▸ Task to complete
Line count for the string "Park": give the number of lines in the data below that contain it, and nothing more.

(Data extracted from a collection)
--- START ---

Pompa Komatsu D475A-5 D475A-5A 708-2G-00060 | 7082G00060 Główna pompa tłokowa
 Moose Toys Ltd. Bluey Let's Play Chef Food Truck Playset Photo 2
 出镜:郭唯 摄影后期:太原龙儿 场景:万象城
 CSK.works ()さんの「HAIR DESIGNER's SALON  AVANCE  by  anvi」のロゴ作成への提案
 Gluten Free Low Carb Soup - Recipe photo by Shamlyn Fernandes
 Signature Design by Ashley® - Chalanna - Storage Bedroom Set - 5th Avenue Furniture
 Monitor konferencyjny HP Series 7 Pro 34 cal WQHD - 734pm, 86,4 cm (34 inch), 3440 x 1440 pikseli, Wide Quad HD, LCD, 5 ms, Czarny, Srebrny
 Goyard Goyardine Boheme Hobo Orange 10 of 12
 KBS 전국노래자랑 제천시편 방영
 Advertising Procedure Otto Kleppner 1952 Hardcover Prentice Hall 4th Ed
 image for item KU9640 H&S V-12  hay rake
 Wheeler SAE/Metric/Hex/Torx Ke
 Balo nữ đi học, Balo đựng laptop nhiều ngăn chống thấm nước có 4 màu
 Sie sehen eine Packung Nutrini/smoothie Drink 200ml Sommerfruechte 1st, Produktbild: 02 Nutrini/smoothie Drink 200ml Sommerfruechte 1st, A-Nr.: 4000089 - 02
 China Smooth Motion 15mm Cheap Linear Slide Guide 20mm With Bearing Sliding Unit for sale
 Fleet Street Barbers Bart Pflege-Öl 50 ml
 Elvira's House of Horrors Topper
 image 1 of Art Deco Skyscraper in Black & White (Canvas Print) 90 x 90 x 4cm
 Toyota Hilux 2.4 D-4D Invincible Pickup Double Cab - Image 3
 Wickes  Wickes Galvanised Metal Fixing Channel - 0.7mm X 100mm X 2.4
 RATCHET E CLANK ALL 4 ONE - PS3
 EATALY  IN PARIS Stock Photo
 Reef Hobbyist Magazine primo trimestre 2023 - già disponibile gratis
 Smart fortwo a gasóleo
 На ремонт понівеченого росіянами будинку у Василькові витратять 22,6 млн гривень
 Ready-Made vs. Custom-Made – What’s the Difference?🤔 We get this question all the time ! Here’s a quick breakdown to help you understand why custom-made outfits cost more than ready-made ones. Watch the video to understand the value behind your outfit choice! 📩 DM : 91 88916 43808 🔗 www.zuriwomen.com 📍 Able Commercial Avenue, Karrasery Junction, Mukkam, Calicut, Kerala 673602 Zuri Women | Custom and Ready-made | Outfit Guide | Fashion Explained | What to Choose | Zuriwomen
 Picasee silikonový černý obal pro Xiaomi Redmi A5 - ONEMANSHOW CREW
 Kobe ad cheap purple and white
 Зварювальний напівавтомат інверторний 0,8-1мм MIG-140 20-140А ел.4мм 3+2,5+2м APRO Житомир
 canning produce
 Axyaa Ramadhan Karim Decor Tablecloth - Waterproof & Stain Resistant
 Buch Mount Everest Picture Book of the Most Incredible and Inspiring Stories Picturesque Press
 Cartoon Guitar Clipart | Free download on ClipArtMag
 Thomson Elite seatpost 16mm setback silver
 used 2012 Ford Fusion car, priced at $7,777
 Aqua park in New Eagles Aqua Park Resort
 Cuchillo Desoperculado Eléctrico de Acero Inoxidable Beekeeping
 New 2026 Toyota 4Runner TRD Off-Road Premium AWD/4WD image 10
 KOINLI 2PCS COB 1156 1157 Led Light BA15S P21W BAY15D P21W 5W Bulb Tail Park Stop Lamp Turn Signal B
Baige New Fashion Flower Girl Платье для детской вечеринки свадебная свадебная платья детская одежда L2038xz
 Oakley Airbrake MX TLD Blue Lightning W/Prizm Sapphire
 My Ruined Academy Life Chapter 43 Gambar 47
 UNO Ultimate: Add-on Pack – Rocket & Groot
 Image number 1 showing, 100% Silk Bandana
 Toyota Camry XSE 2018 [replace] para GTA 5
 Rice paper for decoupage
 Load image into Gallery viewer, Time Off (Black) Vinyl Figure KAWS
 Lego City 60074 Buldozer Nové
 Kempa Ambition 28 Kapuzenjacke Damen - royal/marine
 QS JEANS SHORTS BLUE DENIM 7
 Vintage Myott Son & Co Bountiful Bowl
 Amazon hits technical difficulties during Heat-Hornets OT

--- END ---

▸ Solution for this problem
2